683. Settler Colonialism and American Literary History

(Session related to the Presidential Theme: Boundary Conditions)
Sunday, 8 January, 8:30–9:45 a.m.

202B, Pennsylvania Convention Center

Presiding: Hsuan L. Hsu, Univ. of California, Davis

  1. “Between Two Ghost Dances: Sarah Winnemucca’s Narrative and the Limits of the Event in Literary History,”Mark Rifkin, Univ. of North Carolina, Greensboro
  2. “Playing Stories: Settler Colonialism as Ludonarrative Dissonance,”Jodi A. Byrd, Univ. of Illinois, Urbana
  3. “The Liberal, the Anarchist, and the Frontiersman: Dissent and the Settler Colonial Imaginary in United States Literature,”Alex Young, Amherst Coll.

This panel aims to explore the implications of settler colonial studies for scholars working across all periods of American literature and Native American literature. While scholars of American literature have considerably advanced our understanding of uneven cultural exchanges between settlers and Natives, the field has only begun to reckon with the ongoing expropriation and occupation of Native lands. Even in its most subversive or “queer” manifestations, American literature and culture across all periods is premised upon what Mark Rifkin calls “settler common sense”—or the foundational status of settler views concerning sovereignty, place, sexuality, and personhood, which facilitate Indigenous erasure and displacement while securing settler futurity. What archival resources, trans-textual practices, methods, and concepts would be animated by reframing American literature as a settler tradition premised upon the ongoing occupation of expropriated lands? In what ways might grappling with settler colonialism differently reconfigure our understanding of Native American literatures? How does foregrounding settler colonialism as an ongoing process and worldview intervene in other prominent conversations in the field concerning topics such as transnationalism, empire, environment, race, multiculturalism, freedom, and dissent? This panel brings together three scholars whose work has put American literature and Native literature in critical dialogue with the field of settler colonial studies; each panelist will present current research while foregrounding how it connects settler colonial critique with questions of literary form, narrative, and intertextuality.

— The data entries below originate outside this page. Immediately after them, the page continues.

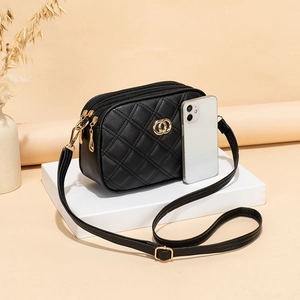 Black quilted crossbody bag with triple zipper compartments and gold ring hardware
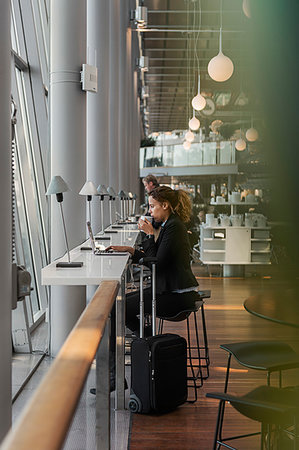 Woman using laptop in airport Stock Photo - Premium Royalty-Free, Code: 6126-09267734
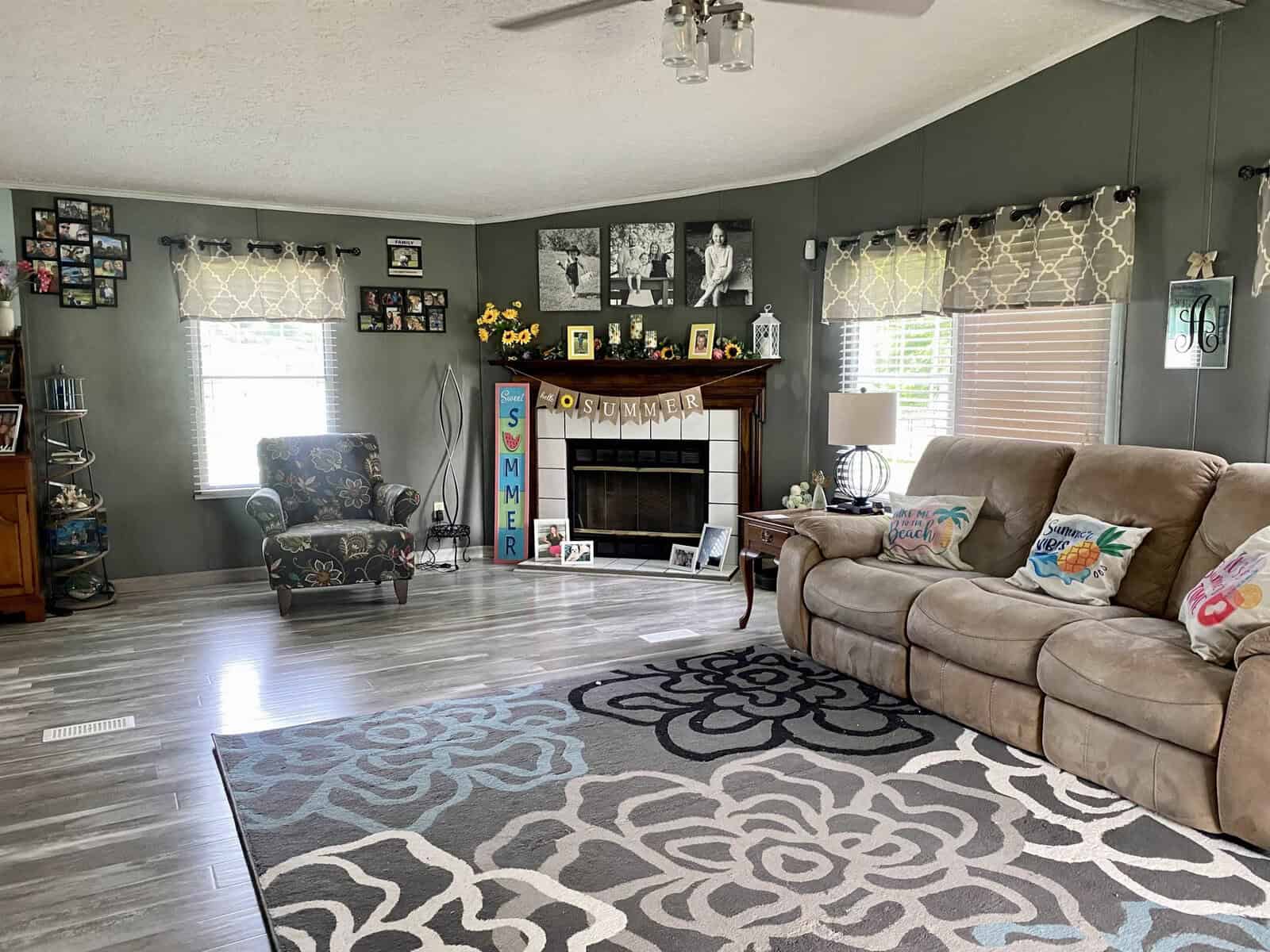 A cozy living room with gray walls features a beige sectional sofa with floral pillows, a fireplace decorated with "SUMMER" letters and family photos, an armchair next to a window, patterned curtains, and a gray floral area rug on wood flooring.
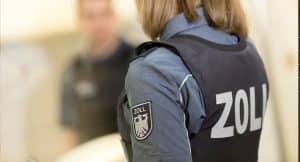 Ein Zollbeamter in Uniform mit dem Wappen des Zolls auf dem Ärmel, im Hintergrund unscharf eine Person und ein Klemmbrett sichtbar.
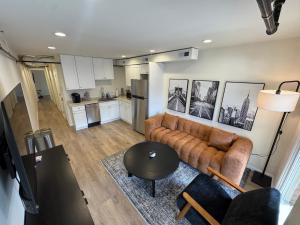 a living room with a couch and a table at The Brick & Beam 3rd Floor Apartment in St. Charles +16 photos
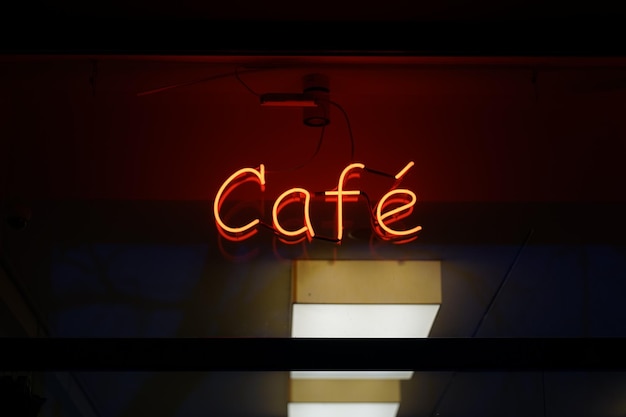 Photo close-up of illuminated text cafe on the wall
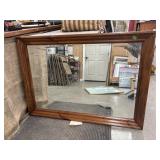 Rectangular wall mirror with a medium-brown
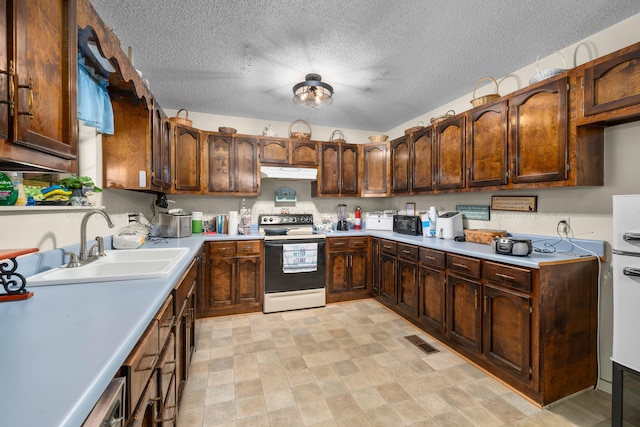 kitchen with a sink, visible vents, electric range oven, light countertops, and under cabinet range hood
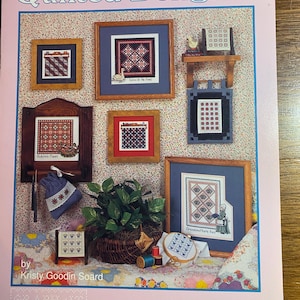 May include: A pink book cover titled "Quilted Delights" features framed cross-stitch samplers in various designs. The cover includes the text "by Kristy Goodin Soard" and "GRAPH-IT ARTS". The samplers are in wooden frames.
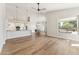 Open-concept living room featuring hardwood floors, high ceilings, and a modern kitchen with stainless steel appliances at 11008 N 119Th Pl, Scottsdale, AZ 85259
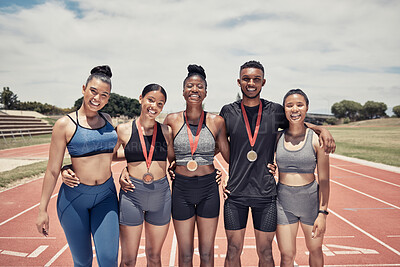 Buy stock photo Portrait, diversity and team for sports winner, for competition and group smile together outdoor. Teamwork, fitness training and medals for games, success and victory for embrace, happy and on track.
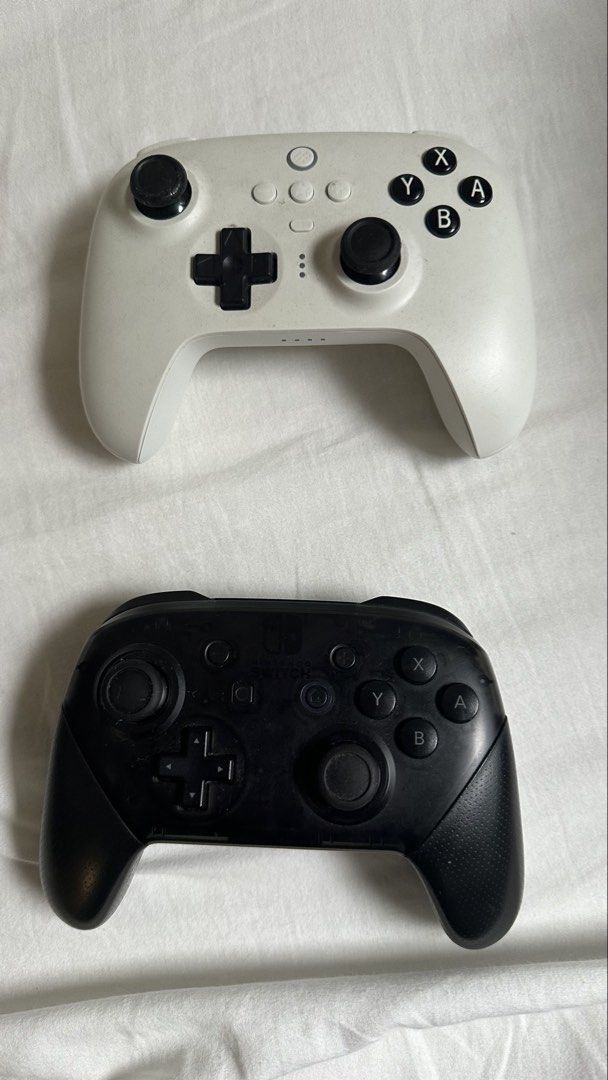Nintendo Switch Pro Controller & 8BitDo Controller (Category: Controllers) located in Singapore. Submitted by azeighn (Listing ID 1463965676, Image 1). Description: - Black Nintendo Switch Pro Controller - White 8BitDo Controller - Both in good working condition - Ideal for multiplayer gaming - Perfect as replacement controllers - Bundle deal available - Don't miss out!.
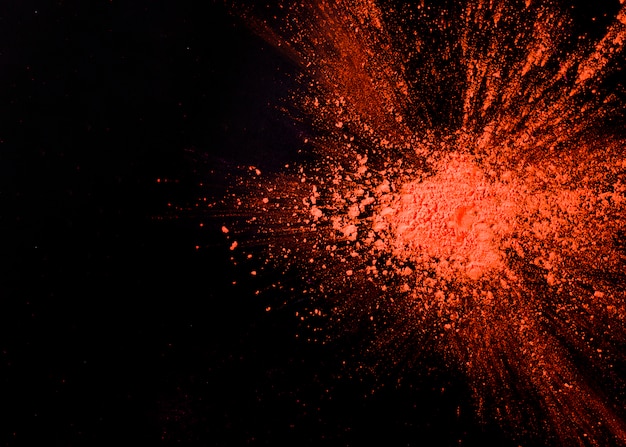 Free photo abstract orange powder splatted background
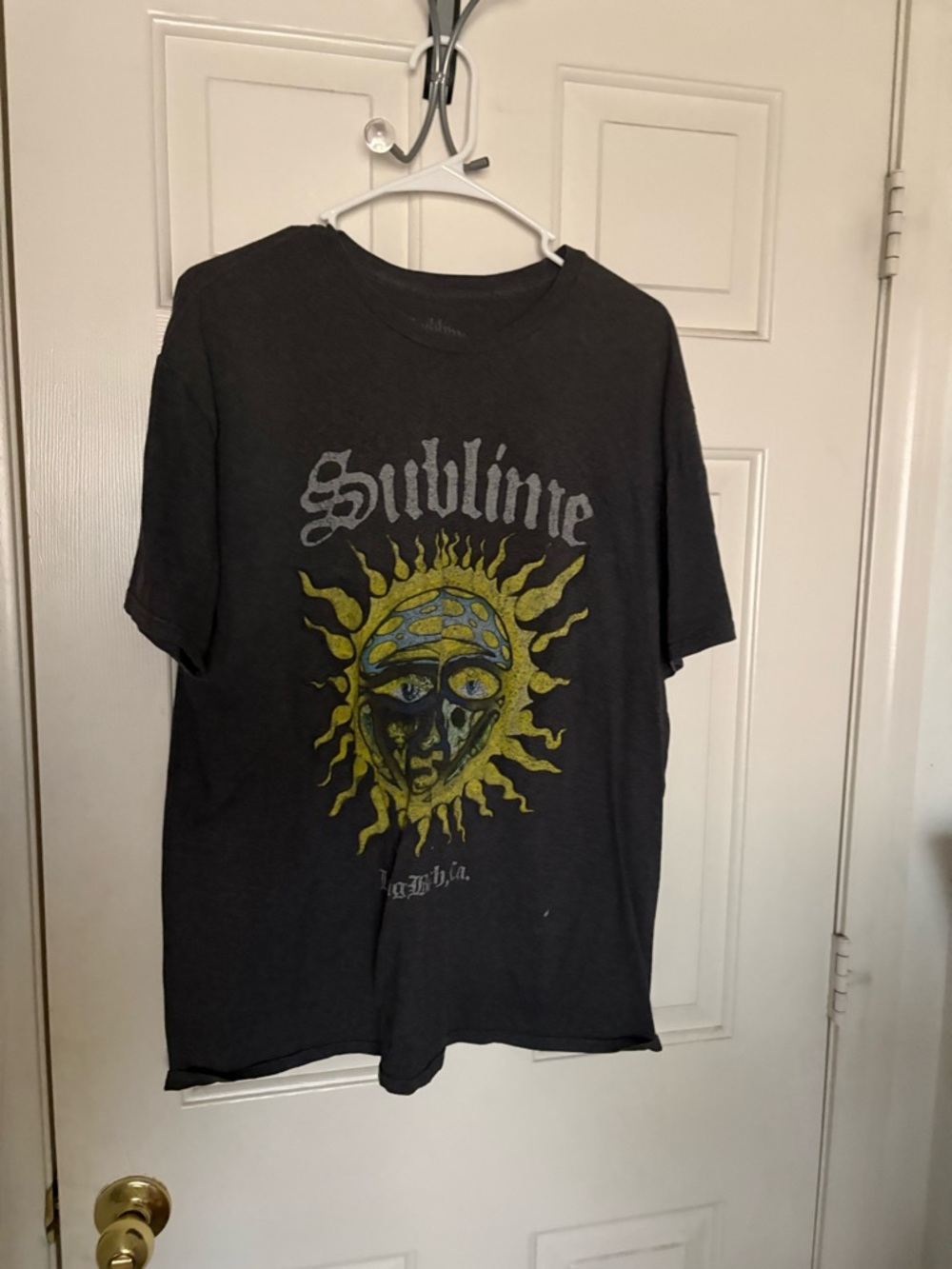 Sublime Black Short-Sleeve Graphic Tee with Yellow Sun Motif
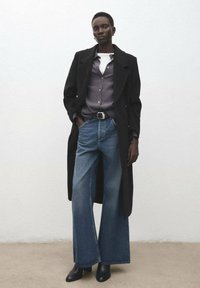 Czarny długi płaszcz, szara koszula nałożona na biały top, szerokie niebieskie dżinsy o prostych nogawkach, czarne botki i srebrna sprzączka paska. Gładkie tło.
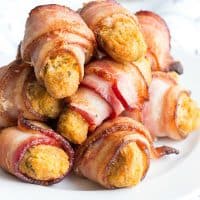 One bite of these Crab and Bacon Rolls and you'll be hooked! This easy party appetizer is like a crab cake wrapped in bacon and everyone loves it!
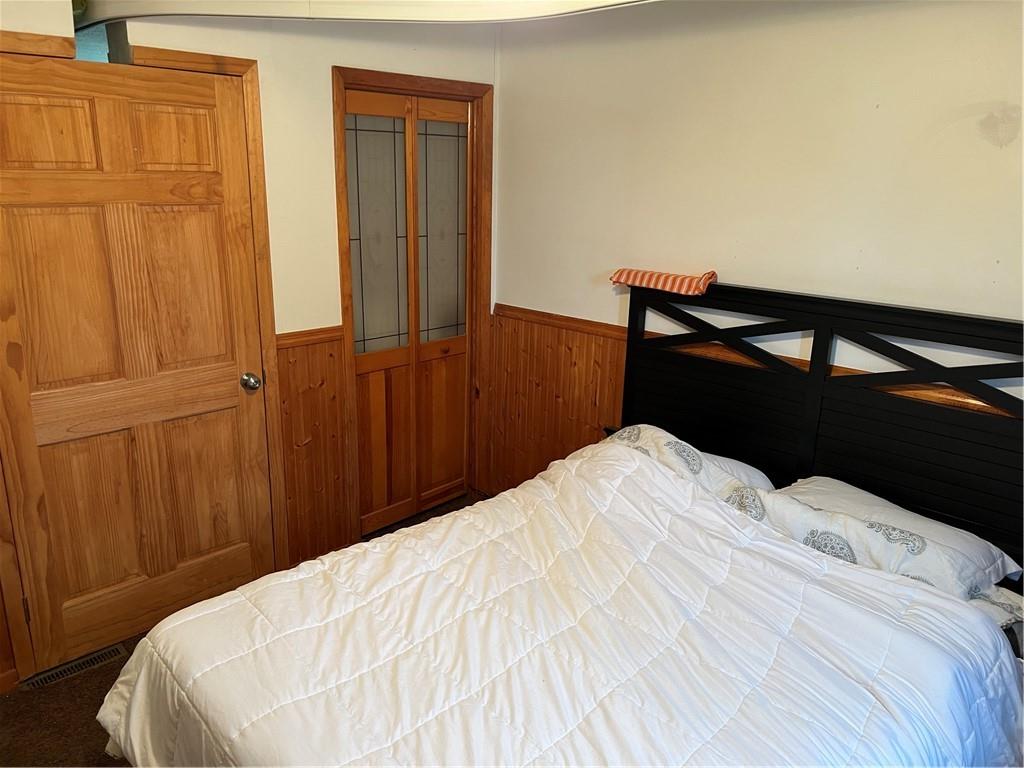 939 Orchard Street Rochester, PA 15074 - Photo 6 of 9 a bedroom with a bed and wooden floor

Alex Trimble Young’s paper, “The Liberal, the Anarchist, and the Frontiersman: Dissent and the Settler Colonial Imaginary in U.S. Literature,” revisits Sacvan Bercovitch’s conception of the American frontier as a symbolic ritual of consensus. While Americanists have generally followed Bercovitch in approaching the frontier as an instance of nationalist, US-exceptionalist rhetoric, the field of transnational settler colonial studies frames the frontier instead as a specific spacio-temporal site in the conflict between settlers and Indigenous peoples. This materialist configuration of the settler colonial frontier operates not only in rituals of consent, but also in ostensibly oppositional discourses of dissent. Drawing on scholarship by Patrick Wolfe, Lorenzo Veracini, and others, Young tracks the frontier concept through early issues of the influential countercultural journal The Evergreen Review. Frontier allegory, he argues, enables a range of oppositional writers to articulate critiques of the liberal state that are nonetheless imbricated in the exclusionist and eliminatory logic of settler colonialism.

In “Between Two Ghost Dances: Sara Winnemucca’s Narrative and the Limits of the Event in Literary History,” Mark Rifkin considers the settler underpinnings of “literary history” itself. Through an analysis of Life Among the Paiutes, Rifkin demonstrates the significance of non-textual dynamics of Paiute history, sovereignty, placemaking, and the Ghost Dances of the 1870s and 1890s for the version of Paiute identity and governance Winnemucca elaborates. Through this case study, the paper will explore the limits of “literary history” as an interpretive frame, especially for engaging with Native writings.

Shifting attention to the settler limitations of video game coding and interfaces, Jodi Byrd’s paper, “Playing Stories: Settler Colonialism as Ludonarrative Dissonance,” analyzes the disconnect that gamers experience in the gaps between gameplay and story. Many Indigenous writers, artists, and scholars have suggested that videogames might offer an important way to present the multidirectional and embodied narratives embedded within traditional stories. This talk will consider how play, story, and the dissonances of settler colonialism influence games such as Never Alone, a sidescrolling platformer game that Inupiat community elders working in collaboration with a game design studio produced. Deploying traditional story, Inupiat language, and culture and engaging in cooperative game play modes, Never Alone seeks to challenge mainstream games to engage indigenous narrative; but how do code and interface—the structures of interface—affect how gamers are allowed to play the story?

Together, the papers on this panel mobilize settler colonial studies to challenge and rethink foundational concepts, methods, and material interfaces that enable American and Native American literary and cultural practices. In addition to demonstrating the political exigency of reckoning with settler imaginaries embedded in American literary and cultural studies, they model how the fields might move towards the decolonization of existing methods and structures.